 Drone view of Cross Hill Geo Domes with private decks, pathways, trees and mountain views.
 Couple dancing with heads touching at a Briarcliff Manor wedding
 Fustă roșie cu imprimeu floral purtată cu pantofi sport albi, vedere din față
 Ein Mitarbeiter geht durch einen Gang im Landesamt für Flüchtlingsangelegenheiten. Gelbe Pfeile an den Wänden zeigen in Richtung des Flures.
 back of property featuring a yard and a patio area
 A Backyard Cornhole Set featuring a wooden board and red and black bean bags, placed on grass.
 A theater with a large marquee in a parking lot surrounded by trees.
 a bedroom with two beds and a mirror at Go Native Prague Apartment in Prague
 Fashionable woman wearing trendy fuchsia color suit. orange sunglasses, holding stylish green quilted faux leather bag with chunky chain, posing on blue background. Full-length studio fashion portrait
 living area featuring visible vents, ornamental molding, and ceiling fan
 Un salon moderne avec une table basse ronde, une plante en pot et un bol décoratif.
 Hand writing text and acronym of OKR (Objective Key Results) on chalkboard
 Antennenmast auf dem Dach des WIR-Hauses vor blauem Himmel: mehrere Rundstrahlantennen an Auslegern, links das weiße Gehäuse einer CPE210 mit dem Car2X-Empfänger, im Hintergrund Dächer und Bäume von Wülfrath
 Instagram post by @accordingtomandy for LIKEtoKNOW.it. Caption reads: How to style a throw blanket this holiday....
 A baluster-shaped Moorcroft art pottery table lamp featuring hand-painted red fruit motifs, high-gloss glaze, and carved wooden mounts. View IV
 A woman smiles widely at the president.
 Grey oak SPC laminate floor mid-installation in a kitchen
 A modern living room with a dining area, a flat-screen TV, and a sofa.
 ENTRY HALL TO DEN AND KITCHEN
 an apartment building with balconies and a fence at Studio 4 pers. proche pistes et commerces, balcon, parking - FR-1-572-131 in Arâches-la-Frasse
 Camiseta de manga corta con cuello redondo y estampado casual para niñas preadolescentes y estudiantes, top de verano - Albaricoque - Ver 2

Aim of the exercise: Look through the records and gather every line containing "table".

Response to the exercise:
 Un salon moderne avec une table basse ronde, une plante en pot et un bol décoratif.
 A baluster-shaped Moorcroft art pottery table lamp featuring hand-painted red fruit motifs, high-gloss glaze, and carved wooden mounts. View IV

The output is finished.